The core’s vision didn’t come to complete fruition in 1992, but when the lineup got healthy and the front office made some of the savviest, low-key, offseason moves in the history of the franchise heading into 1993 … well, we just should have seen it coming.
The additions to the 1993 team didn’t end with the lineup. The Phillies had the legitimate No. 1 and No. 2 (or 1A and 1B) starters at the top of the rotation with Terry Mulholland and Curt Schilling, but not much else. Schilling was a castoff from two organizations who found himself in Philly in 1992 and then proceeded on to a potentially Hall of Fame career. That 1992 season wasn’t his most dominant, but it certainly looked like he would be a star. It sounded that way too, since Schilling would tell you all about it if you asked him.
Mulholland continued his ascent in 1992, which saw him trending better every year since he came over from the Giants in 1989. He lead the league in complete games (12), but what was really fun about Mulholland in ’92 was that this was the year he took the entire National League by surprise by breaking out his famous “step-off” pick-off move. The still-popular move for lefty pitchers may have been invented by others, but Mulholland perfected it that year, picking off 15 base runners, the fifth-highest season total ever for a pitcher (also, only two runners successfully stole off Mulholland in just seven attempts that season). Incidentally, Steve Carlton holds the second- and third-highest pick-off totals for a season, but it just wasn’t nearly as fun watching him slowly deceive runners with his delivery versus Mulholland just straight punking anyone who dared take more than two steps off first on him. The word got out, because in 14 more major league seasons, he never caught more than five base runners napping in any season. But every time he embarrassed those runners in 1992, we all laughed and pointed Nelson Muntz-style, wondering when they would learn.

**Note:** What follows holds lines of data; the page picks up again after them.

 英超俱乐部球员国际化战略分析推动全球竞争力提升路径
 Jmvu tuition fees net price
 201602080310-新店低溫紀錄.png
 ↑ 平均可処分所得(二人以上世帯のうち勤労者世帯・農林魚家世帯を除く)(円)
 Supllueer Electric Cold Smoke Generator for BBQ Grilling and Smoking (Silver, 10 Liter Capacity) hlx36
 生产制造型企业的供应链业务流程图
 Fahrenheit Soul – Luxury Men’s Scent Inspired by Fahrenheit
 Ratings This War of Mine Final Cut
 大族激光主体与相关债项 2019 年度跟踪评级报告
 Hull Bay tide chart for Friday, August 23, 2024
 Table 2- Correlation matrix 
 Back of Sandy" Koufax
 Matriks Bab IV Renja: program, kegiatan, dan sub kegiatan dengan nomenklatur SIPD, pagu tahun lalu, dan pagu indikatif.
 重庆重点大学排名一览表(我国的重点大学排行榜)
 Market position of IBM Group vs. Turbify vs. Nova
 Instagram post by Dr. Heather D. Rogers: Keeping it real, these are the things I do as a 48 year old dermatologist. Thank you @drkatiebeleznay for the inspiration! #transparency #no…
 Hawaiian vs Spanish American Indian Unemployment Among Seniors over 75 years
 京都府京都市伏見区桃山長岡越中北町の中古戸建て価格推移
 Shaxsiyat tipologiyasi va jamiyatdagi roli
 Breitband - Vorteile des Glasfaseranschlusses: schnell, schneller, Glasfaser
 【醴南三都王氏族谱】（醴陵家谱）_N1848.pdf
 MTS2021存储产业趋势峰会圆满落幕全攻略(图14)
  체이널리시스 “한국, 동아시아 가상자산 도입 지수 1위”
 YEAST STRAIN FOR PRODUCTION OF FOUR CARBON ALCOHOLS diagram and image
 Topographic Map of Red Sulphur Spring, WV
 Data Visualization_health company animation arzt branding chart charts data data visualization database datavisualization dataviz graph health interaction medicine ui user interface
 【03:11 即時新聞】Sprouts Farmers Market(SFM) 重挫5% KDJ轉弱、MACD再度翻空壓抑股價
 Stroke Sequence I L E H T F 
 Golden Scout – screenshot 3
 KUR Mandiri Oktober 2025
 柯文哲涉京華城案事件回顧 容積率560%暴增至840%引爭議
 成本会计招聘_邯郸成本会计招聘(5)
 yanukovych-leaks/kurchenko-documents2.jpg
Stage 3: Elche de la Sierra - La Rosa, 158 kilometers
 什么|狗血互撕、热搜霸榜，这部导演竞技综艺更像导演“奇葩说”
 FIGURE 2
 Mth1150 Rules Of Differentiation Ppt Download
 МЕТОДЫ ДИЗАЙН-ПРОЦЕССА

The rest of the rotation and bullpen, other than Mitch Williams, were either junk, hurt or merely starting to develop. Tommy Greene made just 12 starts after tossing a no-hitter and throwing 207 innings the year before. Former first-round pick Kyle Abbott, the jewel of the trade that shipped out Von Hayes, went 1-14 and was probably worse than his record indicated, if that’s possible. Forgettable names like Don Robinson, Barry Jones, Cliff Brantley and Brad Brink all saw time in either the rotation and the bullpen (or both) in 1992. None of them would see any significant time in 1993. Wally Ritchie – who I’ll never forgive for blowing the save in the the fifth game of the best-of-five International League Governor’s Cup for the Red Barons later that year – also was frustratingly in the mix. In fact, Williams was the only member of the 1992 bullpen who saw any significant time in 1993, with the Phillies shipping out the dregs and bringing in key cogs such as Larry Andersen, David West and Roger Mason.
But even with all those names we wince at now, that 1992 Phillies team should be the proof for every fan base that when general managers say, “We’re only a couple moves away,” they actually may not be jerking us around. Sometimes we just can’t see it, even though the most important building blocks are there.
They were certainly there for the 1992 Phillies.